Il a rappelé que, dans un contexte de forte croissance économique, l’innovation est la clé de la durabilité. “Quand on veut maintenir une dynamique de croissance sur le long terme, on agit sur le capital humain. Nous sommes rassurés que dans les prochaines années, nous verrons l’impact sur les compétences et les talents. Cela va transformer le marché du travail, créer plus d’emplois et améliorer la productivité dans notre pays”, a-t-il déclaré. Pour lui, la venue de ces docteurs est le moteur indispensable pour accélérer la réduction de la pauvreté.

La cérémonie s’est clôturée par l’intervention du Premier ministre, Bah Oury, qui a replacé cet événement dans une perspective historique et panafricaine profonde. Évoquant l’époque de l’indépendance, où la Guinée attirait les plus grands cerveaux progressistes, il a déploré la période sombre où “l’intelligence a été persécutée, l’intelligence a été pourchassée”.

Amadou Oury Bah, qui voit en ce recrutement une “révolution au sens propre du terme”, a fermement défendu l’ouverture internationale du pays, affirmant que “nous sommes, en réalité, un même peuple.

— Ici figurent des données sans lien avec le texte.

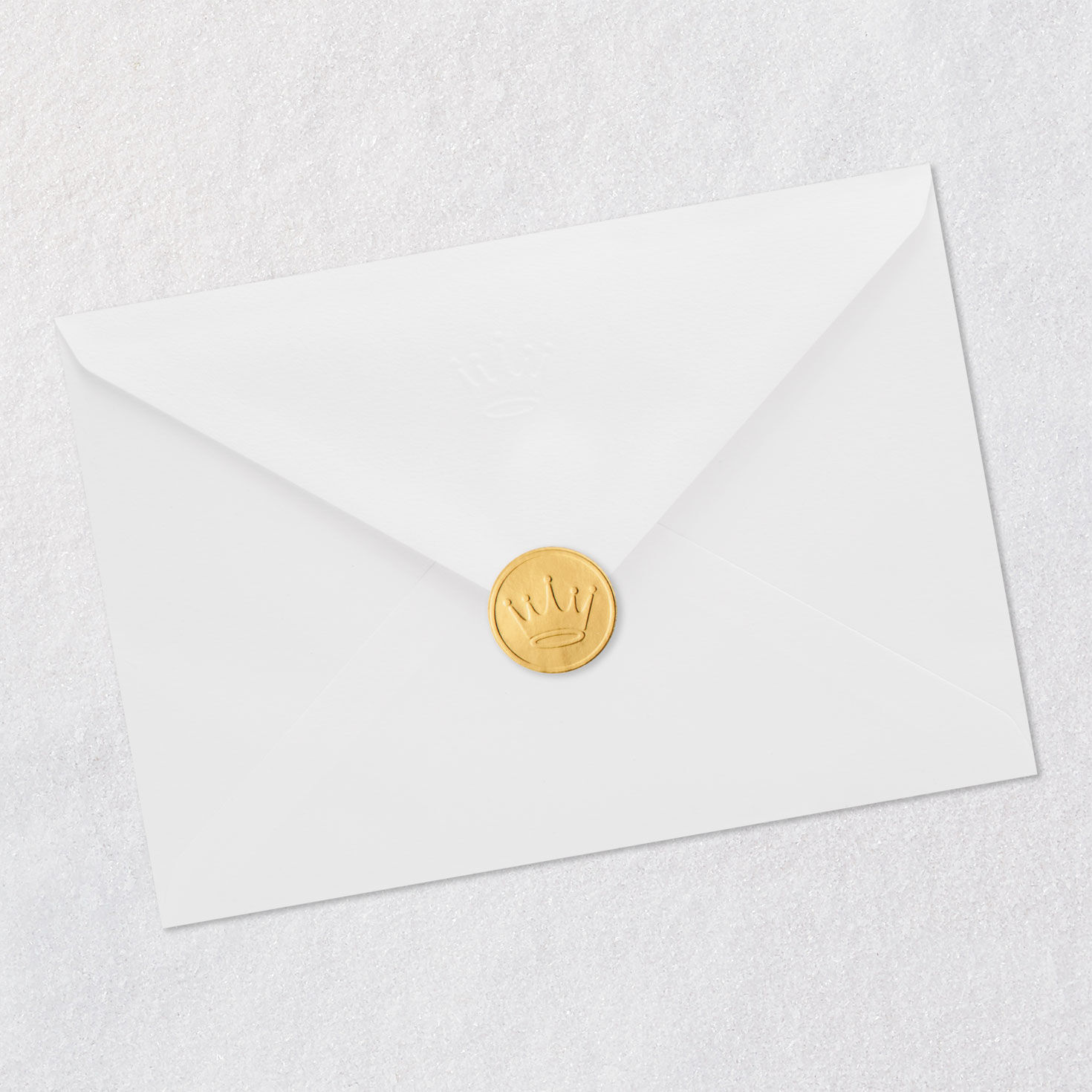 Green Leaves and Gold Arches Get Well Card Envelope Back with Seal image number 8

Nous ne pouvons pas nous développer de manière isolée”.

Ambitieux pour l’avenir de la jeunesse, le chef du gouvernement a déclaré que “nous voulons que nos meilleurs étudiants restent ici, nous voulons importer les meilleurs enseignants pour qu’ils puissent former nos enfants”.

Il a conclu en liant ce renforcement académique à l’ambition économique nationale, soulignant qu’avec un taux de croissance frôlant les deux chiffres, la Guinée doit anticiper en formant des leaders capables de soutenir ce développement.

Aux nouveaux enseignants, il a indiqué que “votre contribution est très importante. Elle est indispensable, elle est nécessaire, donc vous êtes les bienvenus en République de Guinée”.